The dip at construction from a £1.4m profit in the first half last year to a £800,000 loss was put down to increase business development expenditure. Turnover remained flat at £113m.
But Kieth Miller, group chief executive said the hard work had brought in £320m of orders in the first half, lifting the total order book to £805m, up 34% on last year.
Contracts were secured on all five existing framework agreements: NHS ProCure 21+, Royal Mail, Ministry of Justice, North Hub and IESE.
Overall the Miller Group returned a pre-tax profit of £400,000, compared to a loss of £53m last time.
The improvement follows the £160m refinancing deal earlier this year that handed over 55% of the family firm to US equity giant Blackstone.

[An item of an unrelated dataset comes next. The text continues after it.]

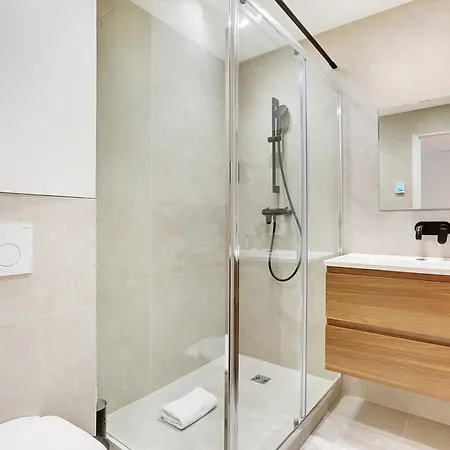 Charming Air-conditioned For A Cosy Atmosphere Apartment *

Housing revenues remained flat at £125m, but the business delivered a significant rise in operating profit to £4.4m, compared to a loss £35m in the same period last year.
Total housing completions remained steady at 820 units at an increased average selling price of £170,000 (2011: £154,000).

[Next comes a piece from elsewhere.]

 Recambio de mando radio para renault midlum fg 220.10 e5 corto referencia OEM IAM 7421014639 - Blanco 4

Miller said: “Trading has remained steady; both turnover and total housing volumes are at the same level as last year against the backdrop of challenging market conditions.
“Looking ahead to the second half of 2012 and beyond, we are poised to increase turnover in line with the group’s expectations.
“We are also continuing to invest in high quality land and we anticipate spending £55m on new housing land during the remainder of the year which will support further sales outlet growth into 2013 and beyond.
“However, any real improvement in housing starts will only arise if there is a change in lenders’ strategies regarding the availability and pricing of mortgages.